The Dow Jones industrial average closed above 13,000 Tuesday for the first time since May 2008, after a better-than-estimated consumer confidence report bolstered optimism in the world’s largest economy.
The DJIA was up 23.61 points to 13,005.12, an increase of 0.18% over Monday. The Standard & Poor’s 500 index gained 0.34%, or 4.59 points, to 1,372.18, and the Nasdaq composite rose 0.69%, or 20.6 points, to 2,986.76, according to preliminary closing data.
The Dow Jones 30-stock index has been flirting with the 13,000 mark for about a week but always closed below the threshold.
“The U.S. economy is in decent shape,” Malcolm Polley, who oversees about $1.1 billion as chief investment officer at Stewart Capital, said in a telephone interview. “Technicals aside, we’re really not that concerned. Stocks are relatively cheap.”
Tuesday’s rally put the S&P 500 on pace for a third month of gains, the longest streak in a year, amid better-than-estimated economic and corporate data. It rose 4.6% this month. The index trades around 14.1 times reported earnings, compared with the average since 1954 of 16.4 times, according to data compiled by Bloomberg.

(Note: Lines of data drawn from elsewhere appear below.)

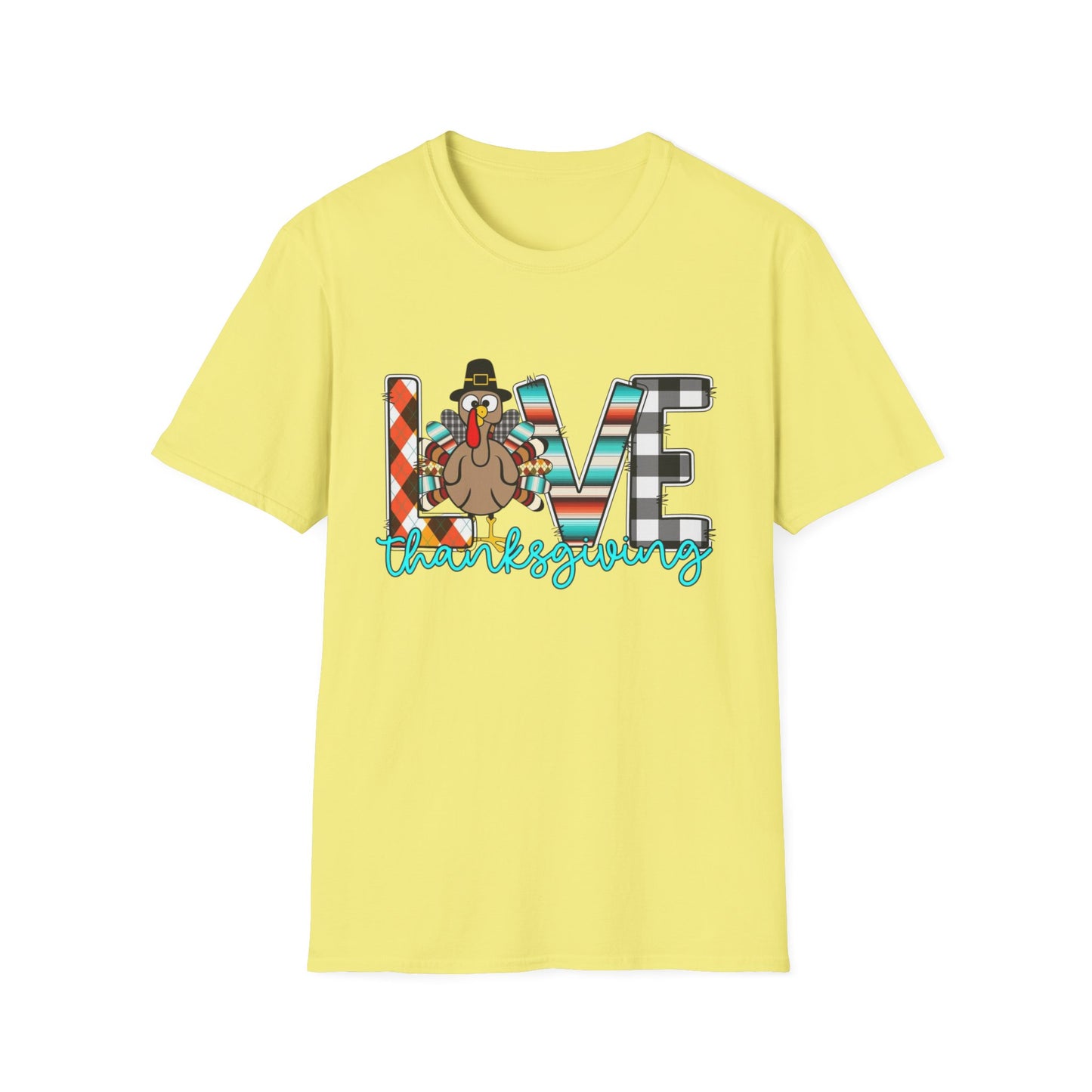 LOVE Thanksgiving – Patterned Letter & Turkey Edition Short Sleeve Tee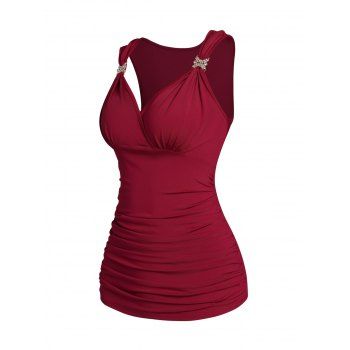 

Surplice Tank Top Plain Color Rhinestone Embellishment Ruched Casual Tank Top, Deep red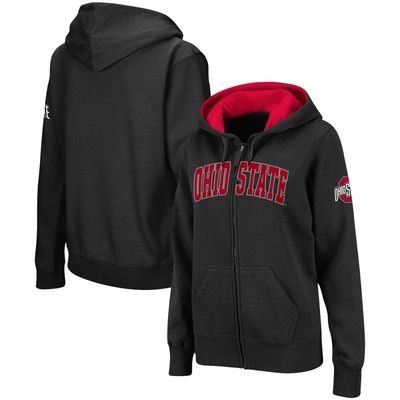 COLOSSEUM Women's Black Ohio State Buckeyes Arched Name Full-Zip Hoodie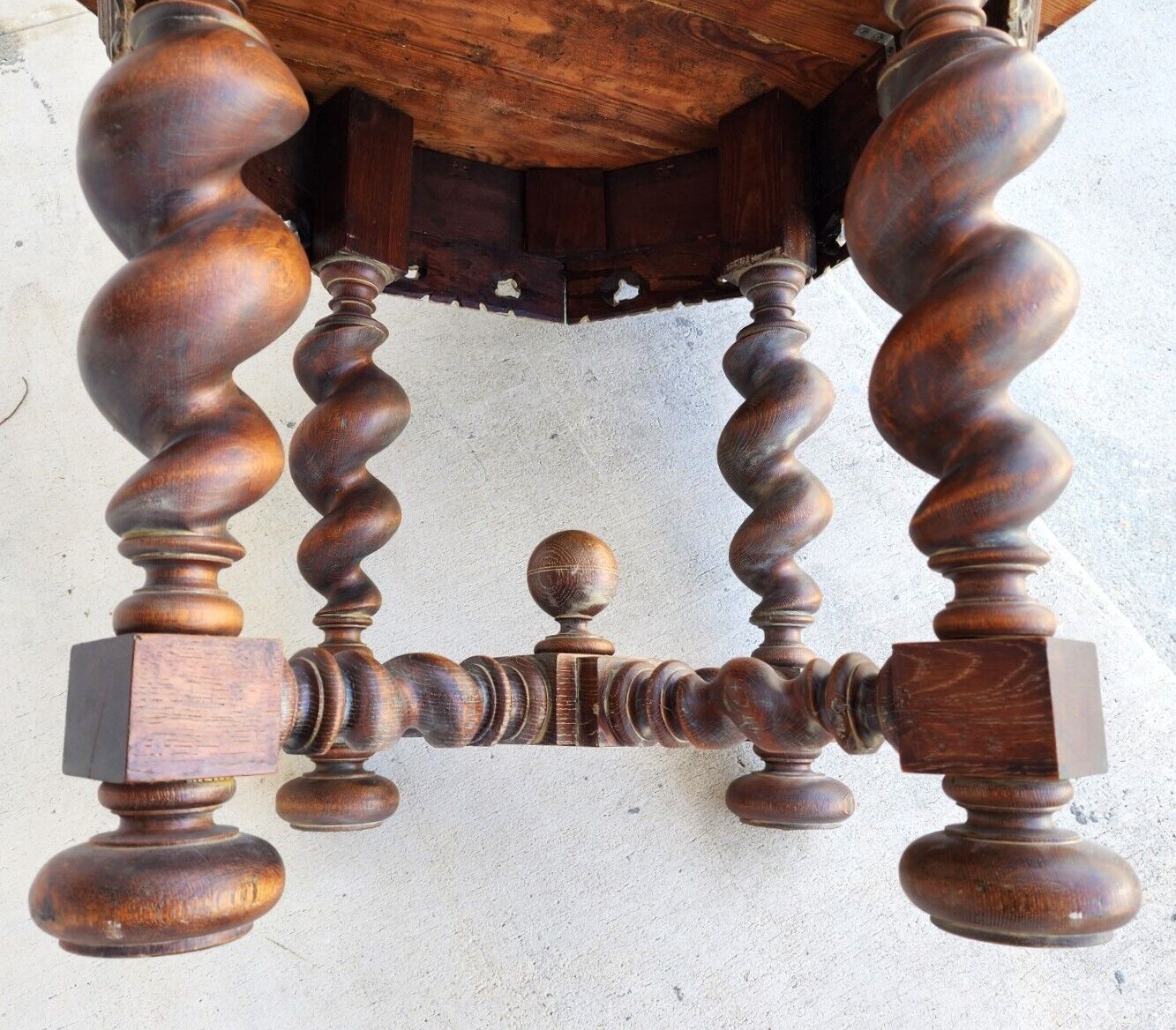 Antique French Table Louis XIII Octagonal Barley Twist 1800s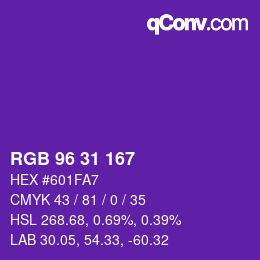 Color code: RGB 96 31 167 | qconv.com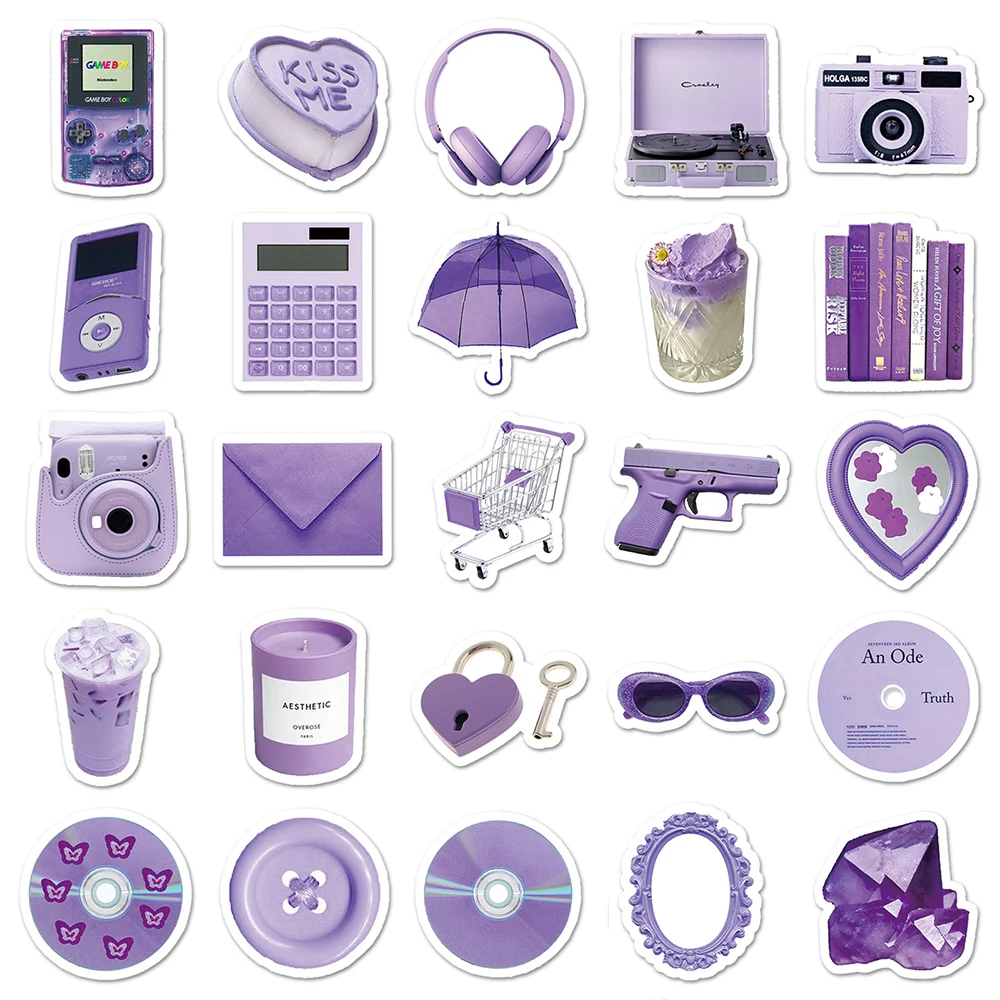 10/30/50pcs Cute Cartoon Purple INS Style Graffiti Stickers Aesthetic Decals Toys DIY Motorcycle Laptop Helmet Sticker for Gifts view 6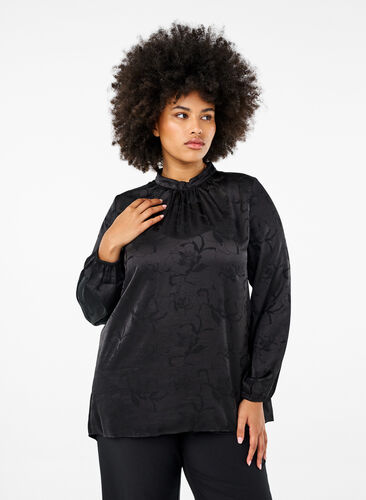 ZizziSatijnen blouse met ton-sur-ton patroon, Black, Model image number 0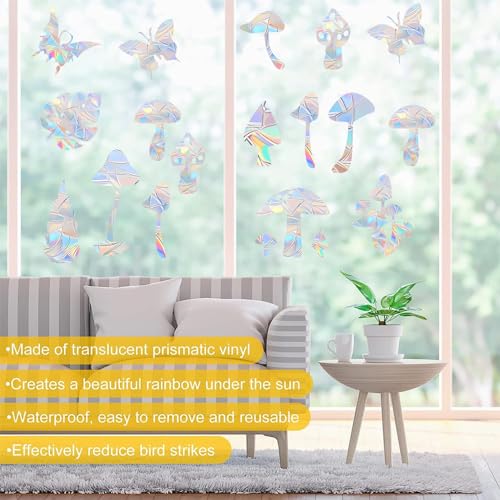 36PCS Snowflake Window Stickers Non Adhesive Prismatic Vinyl Rainbow Decals U20697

Stocks rose as the Conference Board’s index increased more than forecast in February, to 70.8. The euro strengthened vs. the dollar before the European Central Bank provides funds Wednesday to support banks. Earlier Tuesday, stocks fell as orders for U.S. durable goods fell in January by the most in three years. Separate data showed that home prices in 20 U.S. cities dropped more than forecast in December.